Sometimes Rapid Response Team members themselves must adjust to a new way of thinking. At Missouri Baptist, a physician assistant (PA) heads the Rapid Response Team. “PAs are accustomed to working independently,” says Nancy Sanders. “On the Rapid Response Team they work in partnership with an ICU nurse and a respiratory therapist. Sometimes this can be a challenge for the Rapid Response Team members.” Sanders also reported that in the early stages of the Rapid Response Team implementation, the Rapid Response Team requested that a written survey be completed about the benefits of the Rapid Response Team and asked for any additional comments after each Rapid Response Team call. Sometimes these comments prompted further coaching of the bedside Rapid Response Team providers to better meet the needs of the nursing and hospital staff.
In the end, though, positive experiences with the Rapid Response Team are the best advertising. At 370-bed McLeod Regional Medical Center in Florence, South Carolina, Medical ICU Nursing Director Mark Williams, RN, MBA, says that even long-time nurses, initially reluctant to call in the Rapid Response Team, became converts quickly. “Once they use the Rapid Response Team, they say they wish they had started using it sooner,” says Williams.
The Bottom Line
The use of Rapid Response Teams is producing positive clinical results, and is benefiting hospitals’ organizational cultures and staff morale as well.
“In the old days, calling for help was misconstrued as a sign of weakness. This turns that thinking upside down, and reminds everyone that the most important thing is caring for the patient,” says Michael White at McKeesport.
“Our nurses are recognizing people in trouble more quickly, and intervening sooner,” says Cathy Pfeil in Tallahassee. “For the first few months, we’d get calls about patients who were 15 minutes away from a Code.

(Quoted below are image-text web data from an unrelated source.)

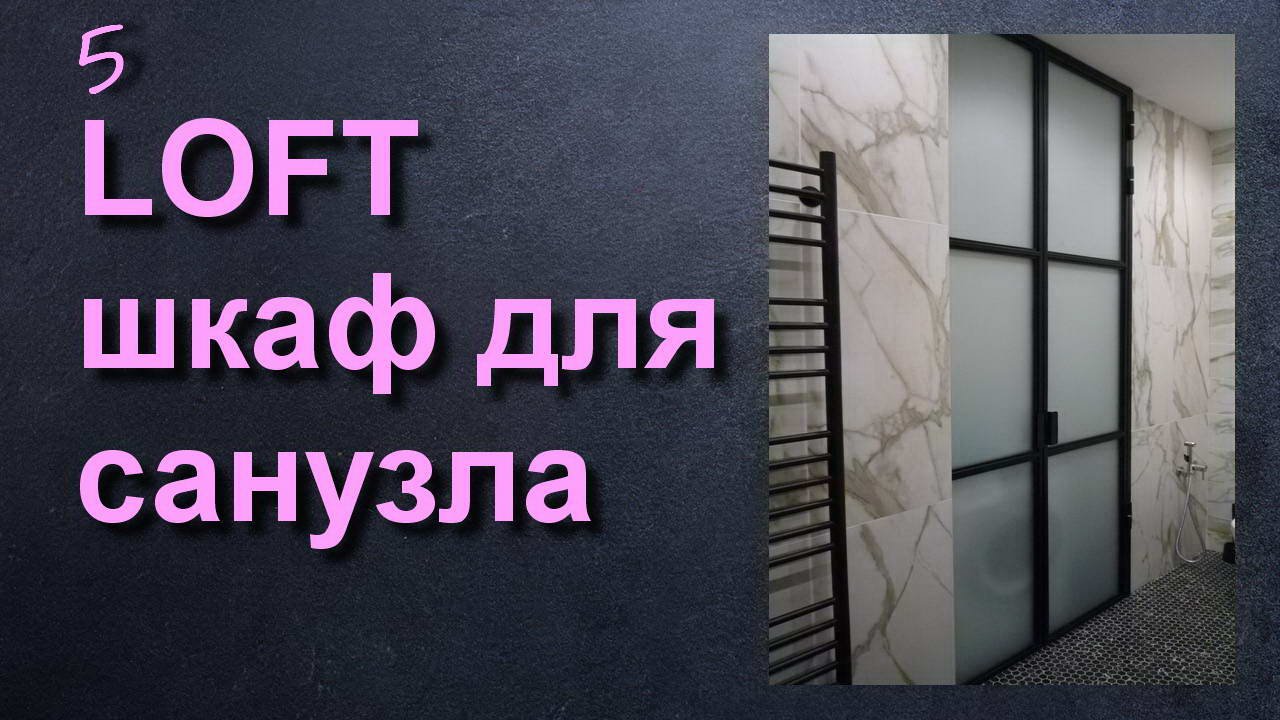 ЛОФТ ШКАФ ДЛЯ САНУЗЛА смотреть онлайн
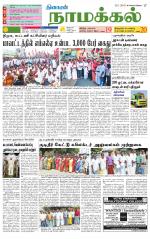 Namakkal-Salem Supplement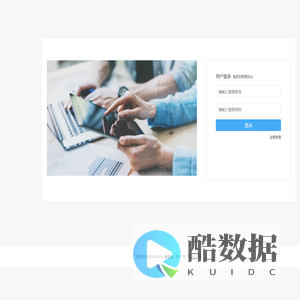 微富网分销商城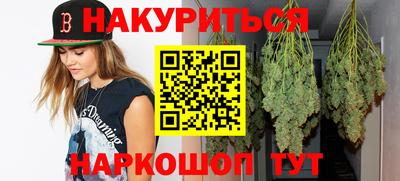 таблы Можга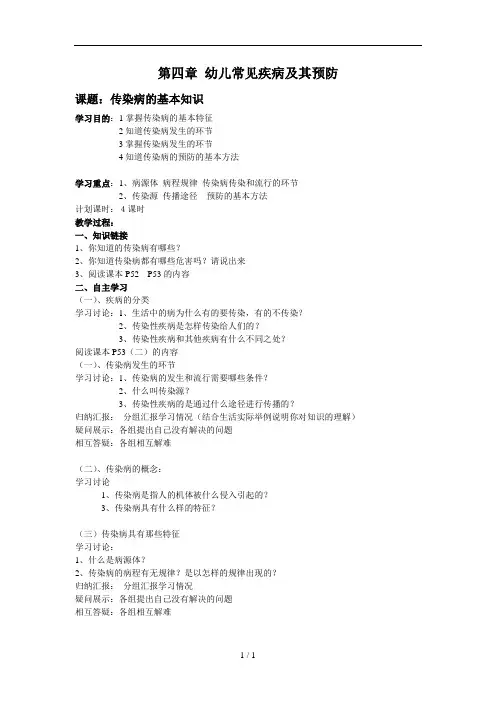 第四章_幼儿常见疾病及其预防(教案)7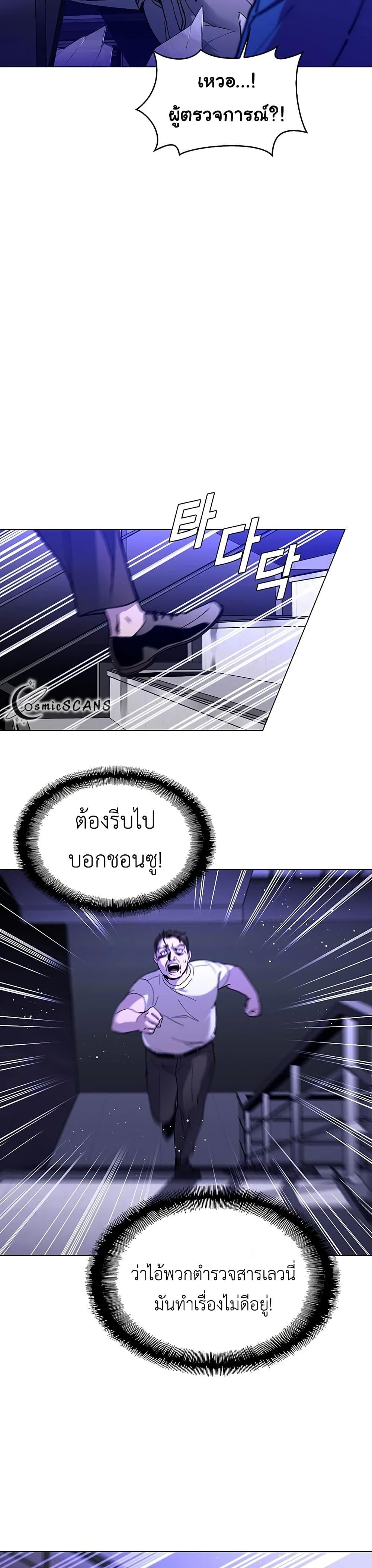 Manga-lc-com อ่านมังงะ อ่านการ์ตูน ออนไลน์ ฟรี The End of the World is Just a Game to Me ตอนที่ 1 2 3 4 5 6 7 8 9 10 11 12 13 14 ฟรี ไม่มีโฆษณา Manga-lc - อ่าน มังงะ อ่าน การ์ตูน ออนไลน์ อ่านมังงะ ฟรี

Now the calls are for lower-acuity issues.”
Adds Nancy Sanders from Missouri Baptist, “We believe it will help with nursing recruitment and retention. Nurses like knowing there is always someone to call.”
Moreover, many hospitals report that their Rapid Response Team has rescued patients and visitors in settings other than acute care beds, including outpatient testing areas, the cafeteria, and even the gift shop. “Everyone knows they can call the team whenever there is someone in trouble,” says Cathy Pfeil.
All the hospitals are collecting clinical data about outcomes to gauge the impact of the Rapid Response Team, including number of calls, number of Codes, and outcomes. “We have gone from about eight Codes per month to about six, and the survival rate has increased from 40 percent to 60 percent,” says White at McKeesport. “This suggests to me that people are calling Codes sooner.” White says about half of the approximately 25 non-Code, early intervention calls the team gets each month result in the patient moving to a higher level of care.
At Missouri Baptist, which implemented Rapid Response Teams in April 2004 and now averages about 65 calls per month, cardiac arrests dropped in 2004 by 31 percent from the year before. Tallahassee has experienced a 33 percent drop in Codes since implementing Rapid Response Teams in August 2003. At McLeod, Codes dropped by 35 percent in a recent three-month period compared to the same period in 2004, prior to the hospital’s use of Rapid Response Teams.